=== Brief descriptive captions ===
•••••
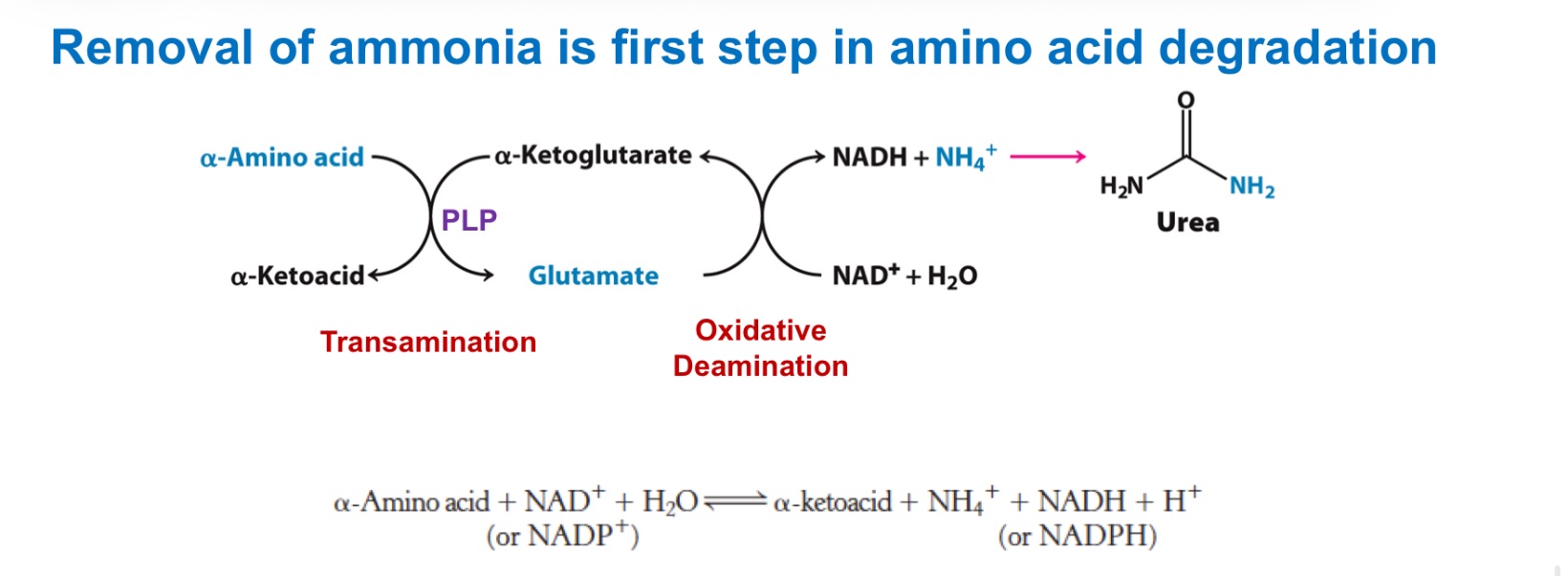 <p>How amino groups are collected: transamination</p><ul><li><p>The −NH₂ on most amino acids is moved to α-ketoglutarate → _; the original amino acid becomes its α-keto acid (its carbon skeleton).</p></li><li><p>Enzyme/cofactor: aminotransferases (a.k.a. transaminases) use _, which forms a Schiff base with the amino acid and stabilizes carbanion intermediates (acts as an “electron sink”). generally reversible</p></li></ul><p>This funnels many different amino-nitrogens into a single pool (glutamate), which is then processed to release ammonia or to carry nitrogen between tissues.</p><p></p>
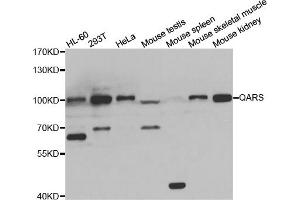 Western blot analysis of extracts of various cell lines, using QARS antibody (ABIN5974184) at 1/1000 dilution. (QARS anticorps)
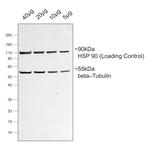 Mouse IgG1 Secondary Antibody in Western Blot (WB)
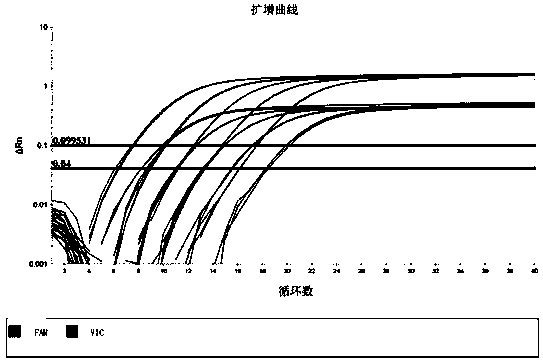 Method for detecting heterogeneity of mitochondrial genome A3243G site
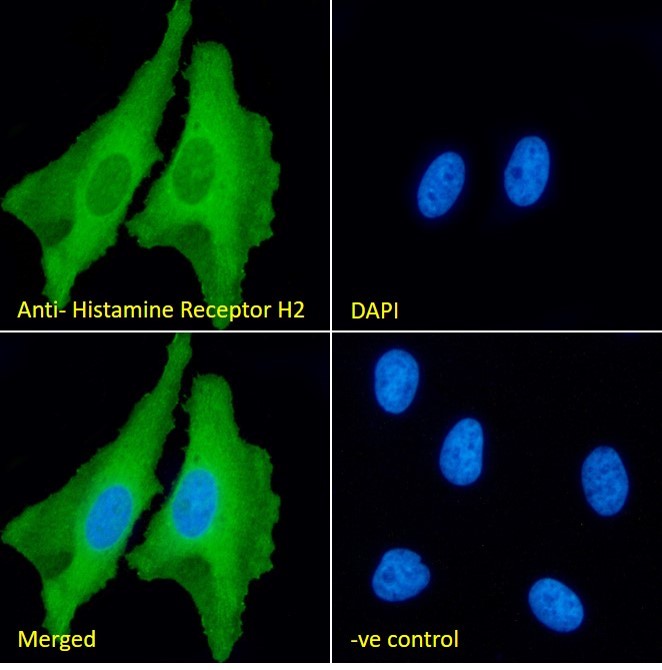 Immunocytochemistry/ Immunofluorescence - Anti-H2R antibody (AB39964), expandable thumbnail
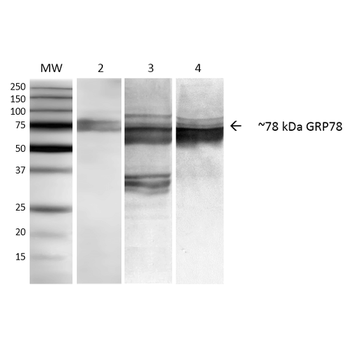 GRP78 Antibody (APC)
•••••
=== EXERCISE ===
Excluding all pictures, print exactly and only the lines from the line with "Method for detecting" through the end of the records above, both ends included.

=== WRITTEN ANSWER ===
 Method for detecting heterogeneity of mitochondrial genome A3243G site
 Immunocytochemistry/ Immunofluorescence - Anti-H2R antibody (AB39964), expandable thumbnail
 GRP78 Antibody (APC)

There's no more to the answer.